Why AWS Announces Regions in Advance
Generally, AWS doesn’t pre-announce things years in advance. When they do, it’s usually a misstep—such as with Timestream’s GA being two years after its announcement.
A notable exception to this policy is geographic expansion of AWS regions.
Last week, AWS pre-announced a new region in Zurich, with an eye towards it launching in late 2022, and a second new region in Hyderabad coming in mid-2022.
Why on earth would they do that? How can it possibly take two years to build a data center—even assuming they’re dealing with Dell’s shipping times for all of their servers? What’s going on in that world?
This week, let’s delve into what drives these pre-announcements and why they’re seemingly premature.
What is a Region?
AWS’s global infrastructure page goes into some detail about what they’re building. It consists of multiple physically separate availability zones, which are themselves “one or more data centers.”

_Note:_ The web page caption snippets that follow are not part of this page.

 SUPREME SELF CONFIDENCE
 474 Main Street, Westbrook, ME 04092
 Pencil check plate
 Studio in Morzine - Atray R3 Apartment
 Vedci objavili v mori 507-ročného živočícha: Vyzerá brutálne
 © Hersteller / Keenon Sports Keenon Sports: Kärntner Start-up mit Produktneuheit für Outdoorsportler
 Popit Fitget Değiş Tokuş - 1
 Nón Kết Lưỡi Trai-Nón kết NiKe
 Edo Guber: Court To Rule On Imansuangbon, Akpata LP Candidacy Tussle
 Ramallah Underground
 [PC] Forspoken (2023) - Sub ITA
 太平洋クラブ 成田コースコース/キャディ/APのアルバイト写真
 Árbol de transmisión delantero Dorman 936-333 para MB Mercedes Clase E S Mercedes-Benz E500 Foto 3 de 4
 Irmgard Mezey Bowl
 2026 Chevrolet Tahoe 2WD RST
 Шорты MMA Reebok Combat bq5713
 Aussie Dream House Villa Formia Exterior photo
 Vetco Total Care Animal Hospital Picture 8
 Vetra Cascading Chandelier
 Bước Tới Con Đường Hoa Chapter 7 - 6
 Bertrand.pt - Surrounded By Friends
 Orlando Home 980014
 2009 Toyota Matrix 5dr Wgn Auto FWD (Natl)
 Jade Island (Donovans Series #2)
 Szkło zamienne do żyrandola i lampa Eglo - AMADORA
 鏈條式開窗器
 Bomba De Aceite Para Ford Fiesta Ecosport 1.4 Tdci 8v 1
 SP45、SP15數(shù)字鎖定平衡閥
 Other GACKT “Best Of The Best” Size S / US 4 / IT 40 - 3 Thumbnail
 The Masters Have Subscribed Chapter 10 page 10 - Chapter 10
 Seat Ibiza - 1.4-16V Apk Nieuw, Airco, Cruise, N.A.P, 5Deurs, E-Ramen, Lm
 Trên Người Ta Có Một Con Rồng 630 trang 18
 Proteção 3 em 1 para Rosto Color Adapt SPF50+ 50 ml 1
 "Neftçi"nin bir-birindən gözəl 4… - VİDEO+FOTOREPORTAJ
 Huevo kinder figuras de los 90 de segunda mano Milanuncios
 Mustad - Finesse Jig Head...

Think about that for a moment. Multiple buildings need to be acquired (or perhaps more realistically, built) close to one another but not TOO close to one another. Then, multiple redundant power lines need to be run to each of those buildings. You’ve also got to run massive amounts of fiber not just between those buildings, but also to the larger internet backbone and Amazon’s internal networks as well.
Once all of that is done, you’ve got to fill these things with (extremely conservative guess) tens of thousands of servers, provision those servers, and deploy the starting set of AWS services that are going to be supported in those regions. The cost for all of this easily climbs into the billions of dollars per region and requires massive investments in real estate, computer hardware, networking, and hiring. Their Hyderabad region apparently resembles a $2.8 billion investment.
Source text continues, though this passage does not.